South Africa: better 'the Hottentot at
the hustings' than 'the Hottentot in the
wilds with his gun on his shoulder'
We set out, briefly, in chapter one the complex background up to the time that the Cape Colony came under permanent British rule. One of the legacies that the British governors inherited from their Dutch predecessors was the situation of endemic conflict on the 'eastern frontier' of the Cape, leading to a century of frontier wars. We noted there that the Xhosa were formidable enemies for the colonists: the governors had to bring in large numbers of regular British troops to defeat them, and most of the wars fought lasted for a number of years. The British ultimately won each war, through a combination of superior military technology and an ability to destroy the Xhosa food supplies. The end of most of the wars was followed by colonial annexation of slices of Xhosa territory – until, in January 1866, all the land west of the Great Kei River (then called 'British Kaffraria', subsequently known as the Ciskei) was incorporated into the colony. The Dutch, in their initial occupation of the Cape peninsula, had assumed their right to take it from the Khoisan by treating it as a form of terra nullius. The British took over the Cape from the Dutch by a combination of military conquest and formal cession by treaty; the colonial annexations of Xhosa land were similarly based on both military conquest and cession by treaties following the various frontier wars. In South Africa, as elsewhere in the settler colonies, the nineteenth century was characterised by the transfer of Indigenous land to Europeans.
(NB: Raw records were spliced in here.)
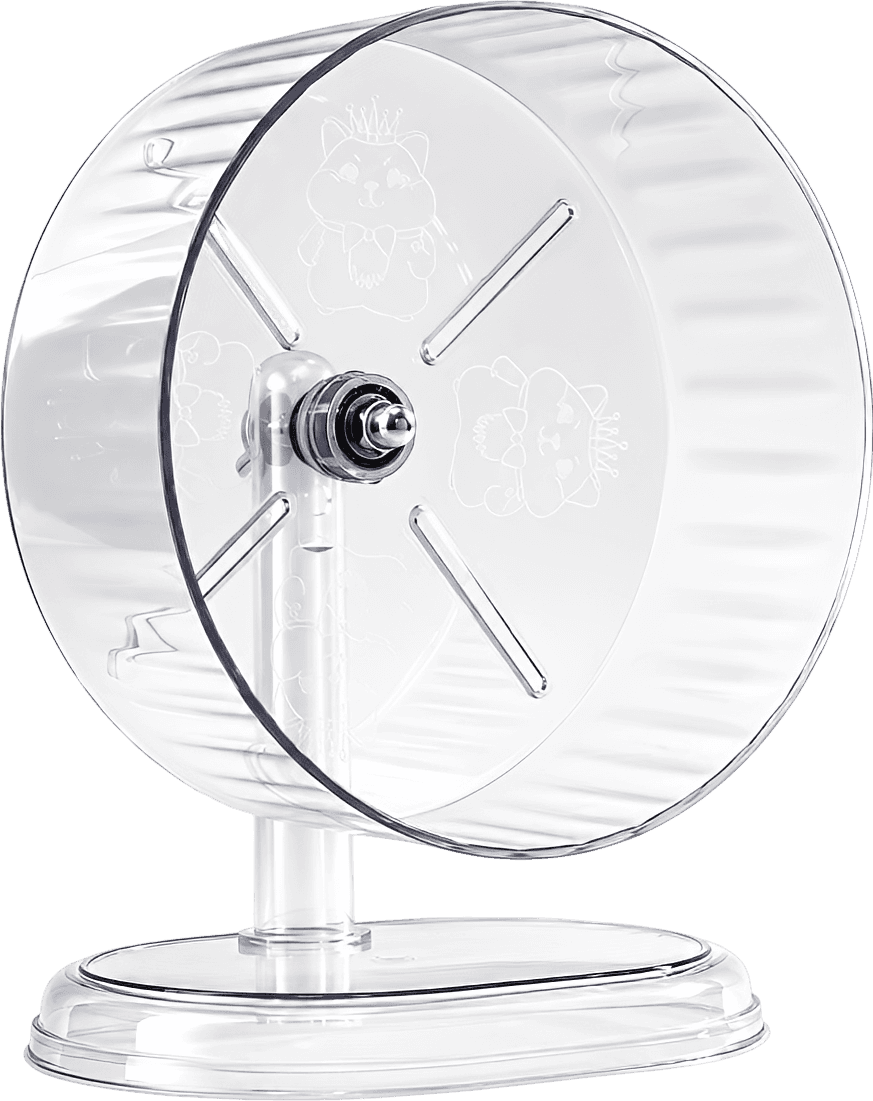 Silent Hamster Running Wheel with Stable Stand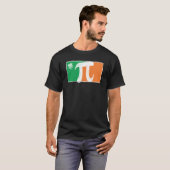 T-shirt Pi Rish St Patrick's Day Irish Flag C Distressed (Devant entier)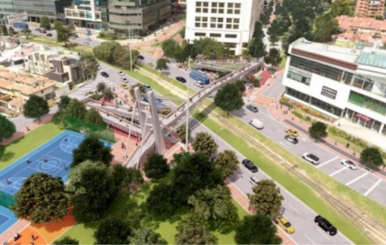 Puente peatonal en la carrera novena con calle 112 pronto será realidad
Although the process was complex and varied, Indigenous land was eventually transformed into property and made available for permanent European settlement, whether by military conquest, treaty or legal doctrine.
In the Cape, White farmers eagerly took over large areas of the Xhosa's land, and the inhabitants of the Ciskei area became servants on the White-owned farms and in the towns of the eastern Cape. East of the Great Kei, in the area which came to be known as the Transkei, the Gcaleka Xhosa and the Thembu were left in nominal independence.